I pulled the cord next to the wall and above me, a single lightbulb on a string sputtered briefly, died, then began to flicker intermittently. It gave the room a somewhat ghoulish aura. I stood there stock still for a while, then lifted my suitcase and proceeded to cross the threshold inside.
The room didn't look any better than what I had seen prior. Literally all it had to offer was a table, a chair, a naked bed frame, and an armoire tucked into the corner. There wasn't even a mirror. Overhead, the light continued to flicker, the electricity coursing through the bulb humming faintly. I nearly jumped out of my skin when a rat the size of my fist skittered out from under the bed and darted behind the armoire. Disgust coursed steadily through me and only grew the longer I stood there. I hadn't even felt comfortable putting my suitcase down on the floor.
"What are you looking at? Not used to such shitty living quarters?"
My blood ran cold as I realized that in my haste to size up where I was to stay I hadn't shut the door behind me.
"Rich bitches like you take a while to get used to the place," someone hissed from behind me. "Believe me, I've seen it."
I nearly jumped out of my skin at that voice, dry and whispery like a shedded snakeskin. My hand instinctively went to my pocket, where I knew my razor was.
I was capable of killing a person for a lot less than threatening behavior. As much as I hated myself for having the blood of another human being on my hands—conniving, greedy old crone of a mother she had been to me—I wouldn't put recreating that debacle above me me.
I turned around to come face to face with the speaker. It was a stooped woman in a tattered dress and pinafore, topped with an apron. Her clothes were all in different stages of discoloration and sodden with filth. I wondered why I hadn't heard the sound of her clogs on the floorboards as she entered. Maybe I hadn't been paying attention.
I gave her my most withering stare in a desperate attempt to conceal my fear. The glint in the woman's eyes was unsettling to say the least. I could feel her looking me up and down, sizing me up.
"And you are...?" I asked.
She completely ignored my question. "What brings someone like you to a place like this?"The first thing I noticed about the way she spoke was that she had a noticeable accent when speaking German. What piqued my interest even further was that I thought I'd heard the accent somewhere. It sounded familiar to me. For a moment, I considered digressing and asking her where she was from, but decided against it. I barely knew this ugly old hag.
"That's a good question," I said. "I really don't know."

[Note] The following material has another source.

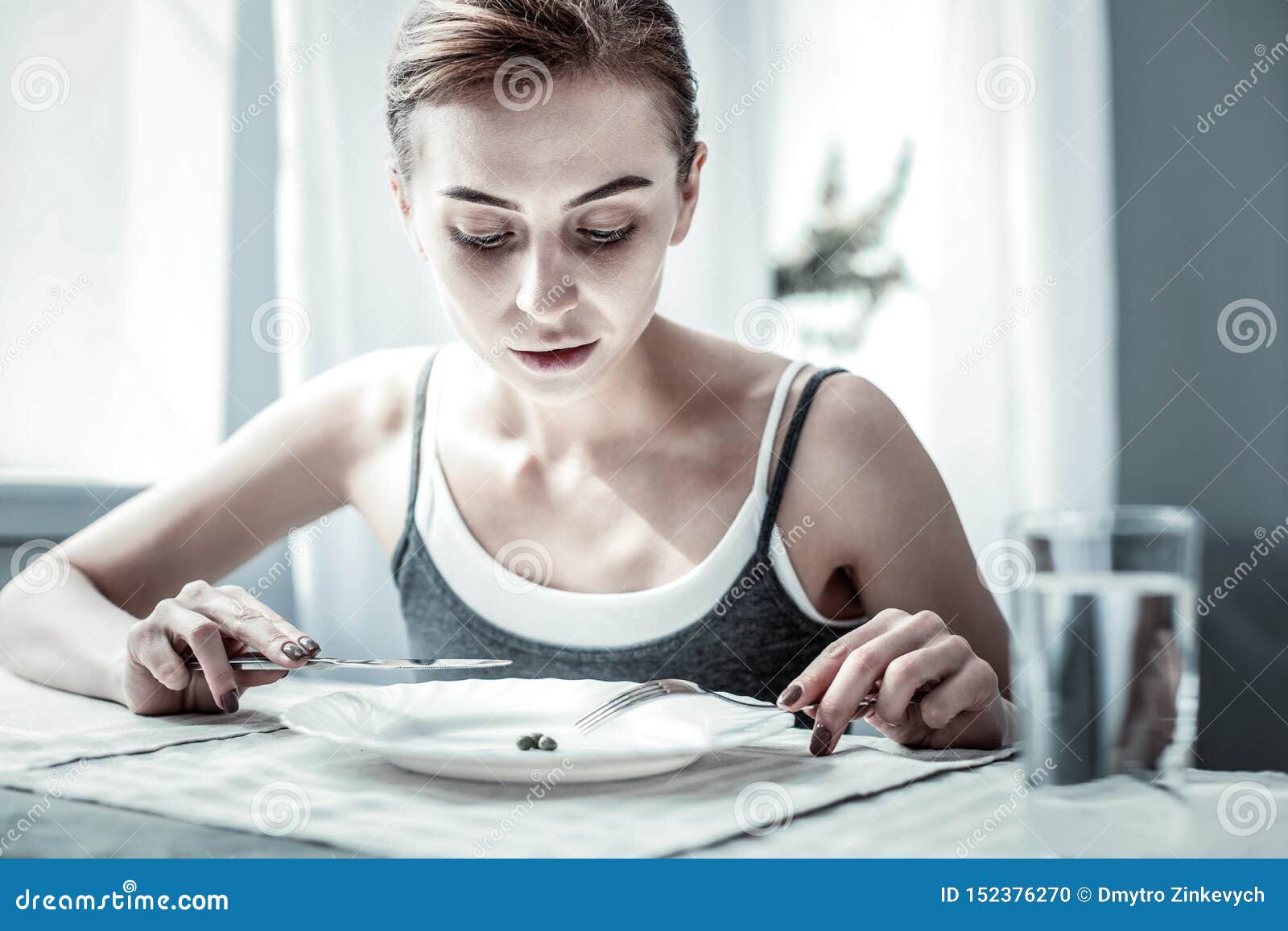 attentive young female person staring at her plate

I had come to Germany to get away from my cousin. Why I had chosen a slum like this, I had no idea. I had a father in Pomerania, after all, living with his mistress and two children. Maybe it was because I was a penny pincher who thought her money ought to go towards better things than a place to stay. Maybe it was because I had too much pride to go and ask my father for financial help.
"You're a liar." She took a few menacing steps toward me, and I fought the urge to take a few steps back. "Nothing but a liar."
My fingers tightened around my razor, still in my pocket. I hastily scanned every inch of exposed flesh on her scrawny body—her bared wrists, her wrinkly neck—in a desperate bid to locate a weak point I could thrust my blade into.
"What's it to you?" I demanded. "I haven't accidentally walked into your apartment, have I?"
Her sparse brow furrowed. "If you walked into my apartment you would get a—"
"I could throw my hat at you and you would go down like a tree. Don't presume to tell me what I'm going to get from you."
There was a flicker of surprise in her oddly focused eyes. We stood there for a while, staring each other down. Outside, more and more people were beginning to trickle into the dimly lit hallway to their individual apartments. The woman strode across the room and shut the door with a thunderous bang.
"I knew there was something off about you when I saw you walk in here without a man."
I knew sarcasm wasn't warranted at all in this situation, but I couldn't help myself. "Ah, yes. A man. Who doesn't have one of those with them?"
She sniffed with derision. "A proper lady doesn't go anywhere without one."
"How would you know anything?" I blurted before I could stop myself. "You're no 'proper lady.'"
Now it was her turn to glare at me. "You don't know anything, girl. Nothing at all. Keep your trap shut."
There was something in her mannerism that reminded me with a pang of my housekeeper. Her blunt way of speaking smacked of the way Svetlana would talk to me; her rigid yet at ease body language mimicking here also.
Svetlana hates me. She's not "Svetlana" to me anymore. She's just another Russian living in Austria. I don't have anything to do with her anymore.
My companion noisily dragged a chair over and sat down on it with an airy grunt. I remained standing, a defensive move more than anything else, although I let go of my razor.
"You're right," she said after a moment of charged silence. "I'm not a 'proper lady'. Not anymore."
When I didn't say anything, she went on: "Before I became just 'Marie', I was 'Marie Ernestine Helena von Wedel.' Have you ever heard of the von Wedel family?"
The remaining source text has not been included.